In CQE, the retrieval of statistics is a function of the Optimizer. When the Optimizer needs to know information about a table, it looks at the table description to retrieve the row count and table size. If an index is available, the Optimizer might extract information about the data in the table. In SQE, the collection and management of statistics is handled by a separate component called the statistics manager. The statistics manager leverages all the same statistical sources as CQE, but adds more sources and capabilities.

The statistics manager does not actually run or optimize the query. Instead, it controls the access to the metadata and other information that is required to optimize the query. It uses this information to answer questions posed by the query optimizer. The statistics manager always provides answers to the optimizer. In cases where it cannot provide an answer based on actual existing statistics information, it is designed to provide a predefined answer.

The Statistics manager typically gathers and tracks the following information:

Cardinality of values
The number of unique or distinct occurrences of a specific value in a single column or multiple columns of a table.
Selectivity
Also known as a histogram, this information is an indication of how many rows are selected by any given selection predicate or combination of predicates. Using sampling techniques, it describes the selectivity and distribution of values in a given column of the table.
Frequent values
The top nn most frequent values of a column together with a count of how frequently each value occurs. This information is obtained by using statistical sampling techniques. Built-in algorithms eliminate the possibility of data skewing. For example, NULL values and default values that can influence the statistical values are not taken into account.
Metadata information
Includes the total number of rows in the table, indexes that exist over the table, and which indexes are useful for implementing the particular query.
Estimate of IO operation
An estimate of the amount of IO operations that are required to process the table or the identified index.

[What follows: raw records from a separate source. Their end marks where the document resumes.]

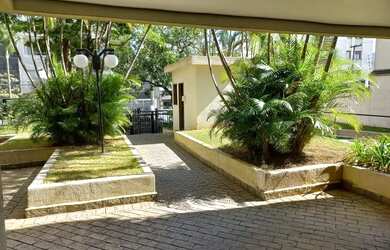 Imagem 4: Apartamento para aluguel tem 80 metros quadrados com 2 quartos em Pinheiros...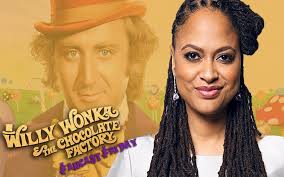 8 Characters for an Ava DuVernay directed Willy Wonka and the Chocolate  Factory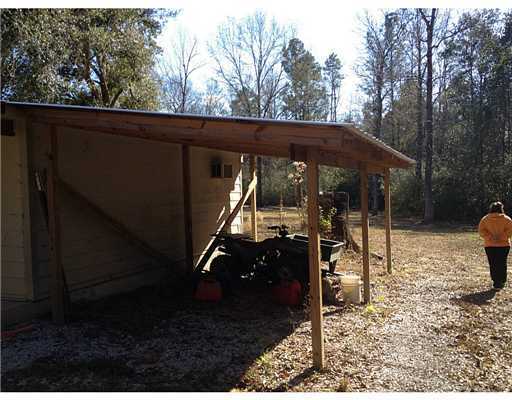 6050 Lum Reeves Road Lucedale, MS 39452 - Photo 4 of 25 Additional Photo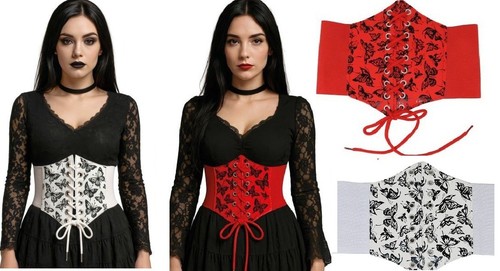 Carnevale halloween cintura - halloween,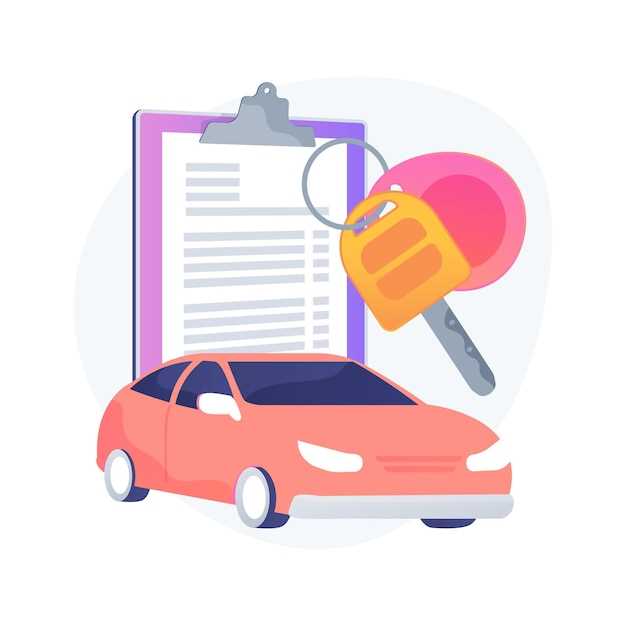 Перечень необходимых документов для регистрации автомобиля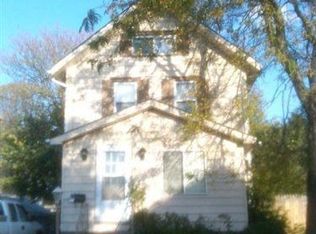 2049 13th St SW, Akron, OH 44314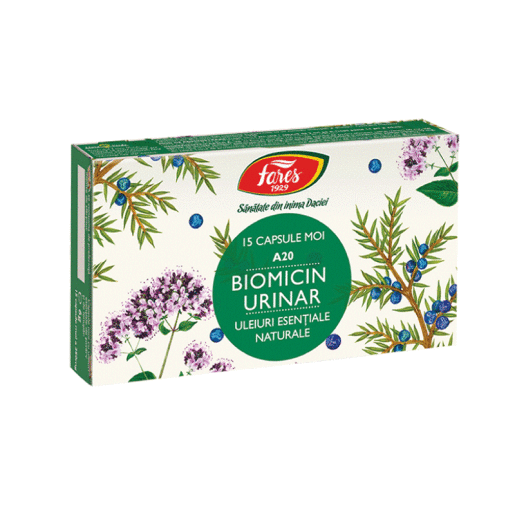 biomicin-urinar
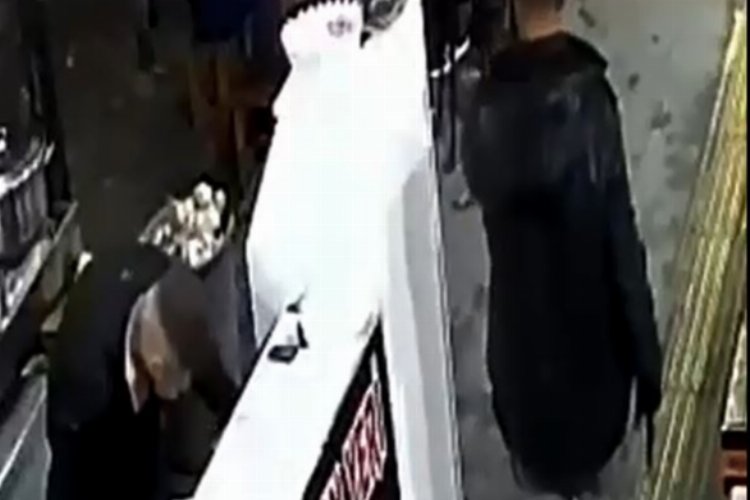 Adıyaman’da işyeri önündeki silahlı saldırıya tutuklama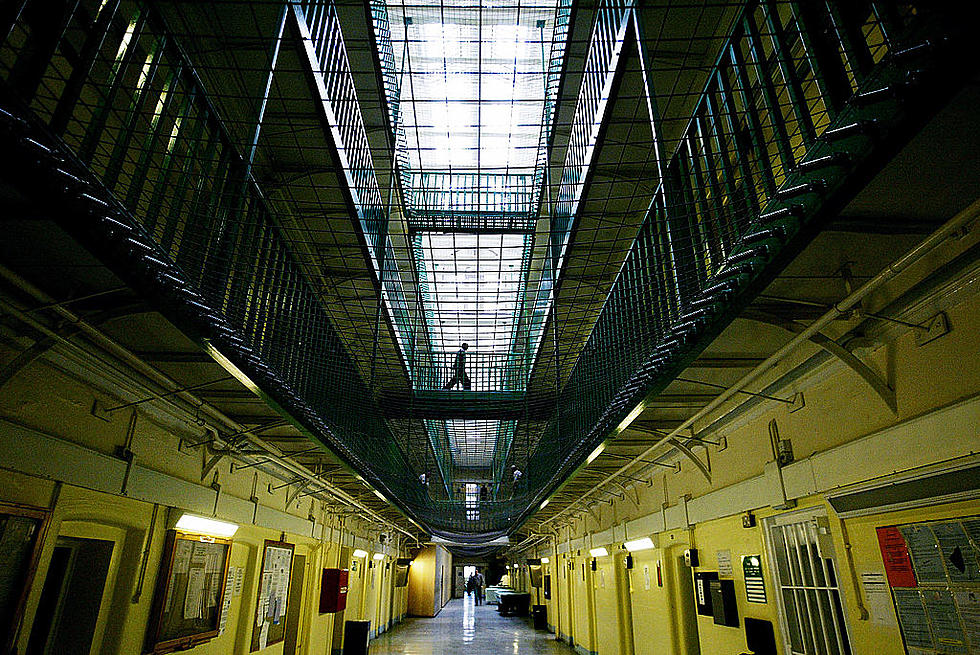 Cuomo-Prison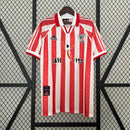 ATHLETIC BILBAO I 100th Anniversary (RETRO) - Bota de Oro Tienda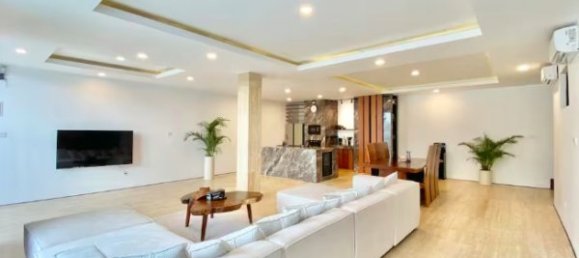 5 bedrooms Villa for rent in South Kuta, Badung, Bali, Indonesia № 3618 6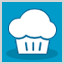 Icon for What did I told you about cakes?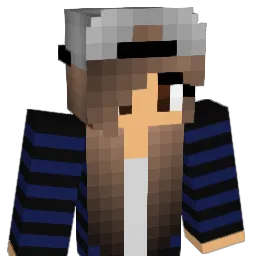 Moyo10 Minecraft avatar bust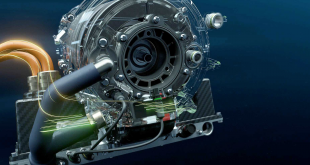 The BMW iFE.18 drivetrain: teamwork between motorsport and production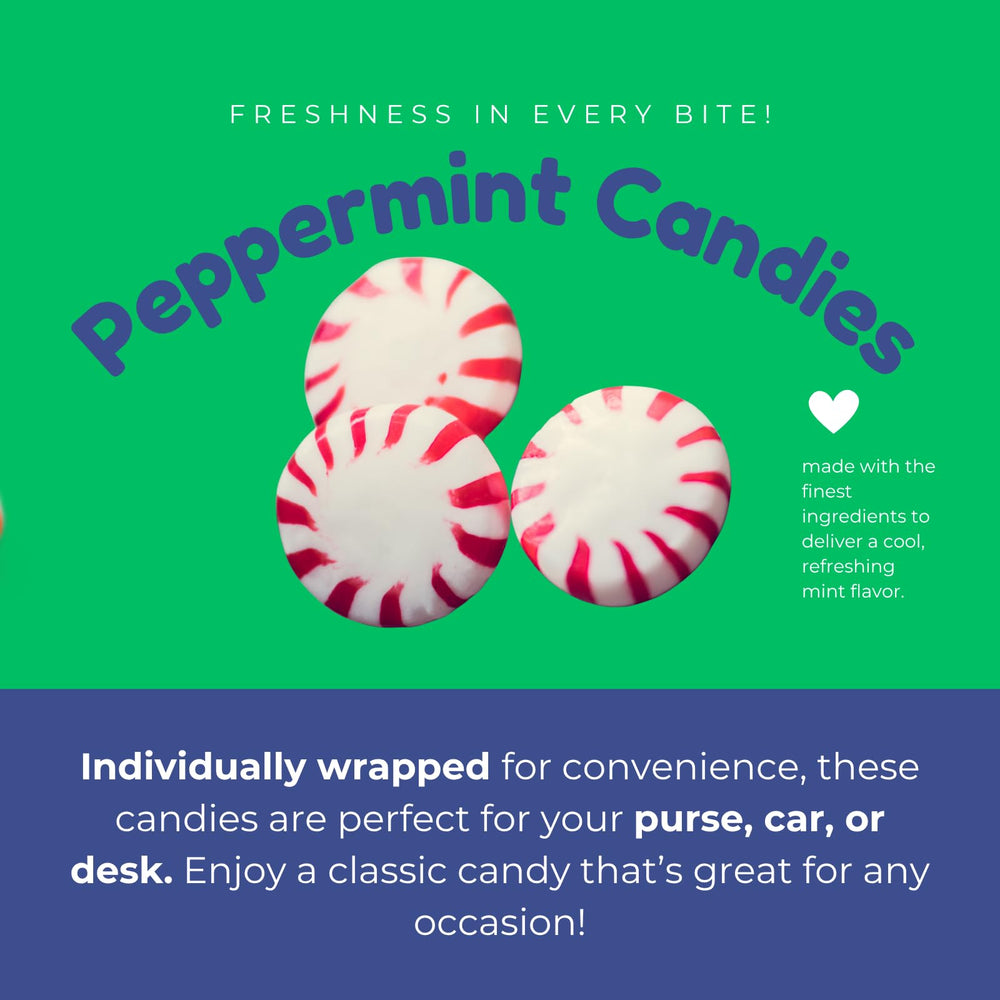 FolksField close-up shows crisp mint flavor from natural peppermint oil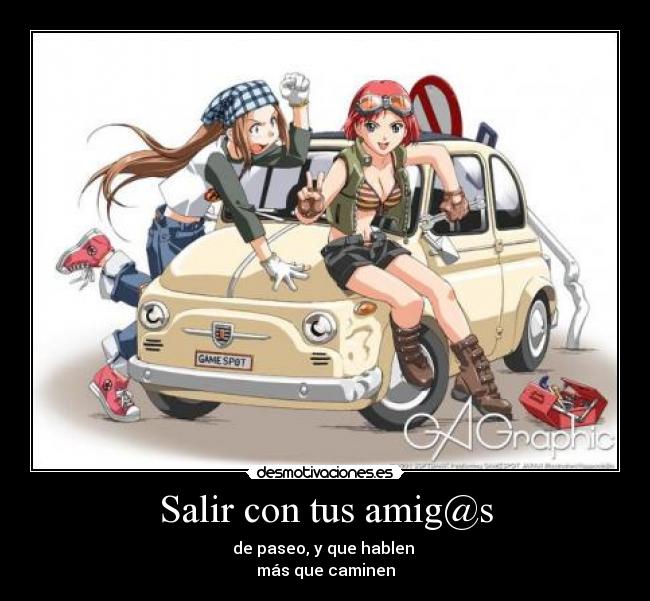 carteles gagraphic desmotivaciones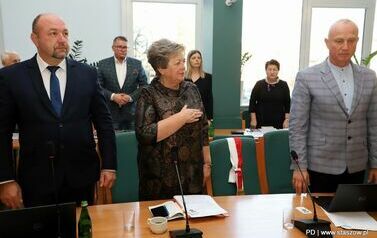 XIV SESJA RADY MIEJSKIEJ W STASZOWIE (27.11.2024 r.) 7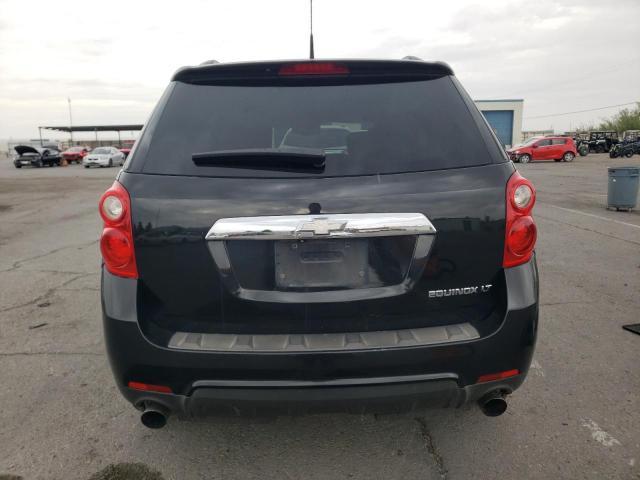 Photo 5 VIN: 2GNFLPE30D6106370 - CHEVROLET EQUINOX LT 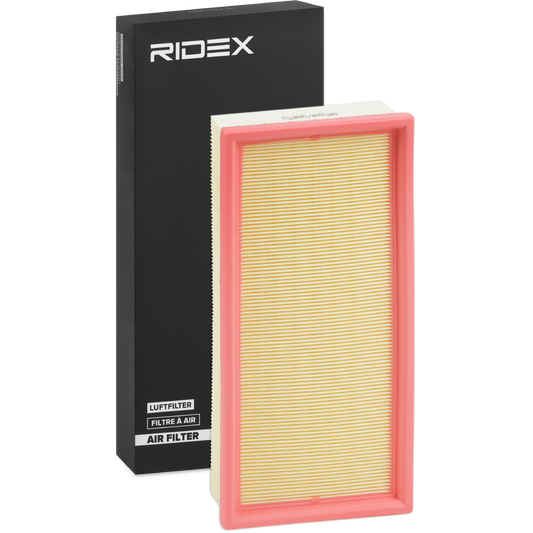 RIDEX 8A0240 Air Filter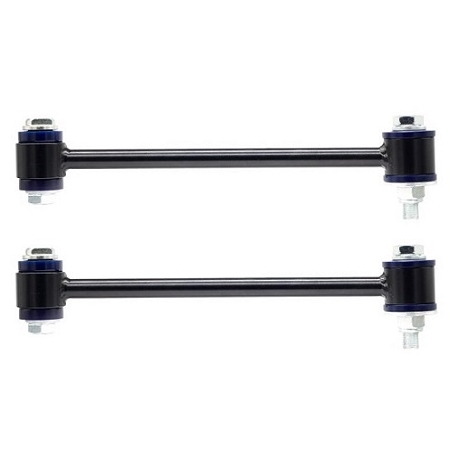 Set bieleta stabilizatoare spate +2" JEEP WRANGLERE JK (2007-2017)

The Statistics manager uses a hybrid approach to manage database statistics. Most of this information can be obtained from existing indexes. In cases where the required statistics cannot be gathered from existing indexes, statistical information is constructed on single columns of a table and stored internally. By default, this information is collected automatically by the system, but you can manually control the collection of statistics. Unlike indexes, however, statistics are not maintained immediately as data in the tables change.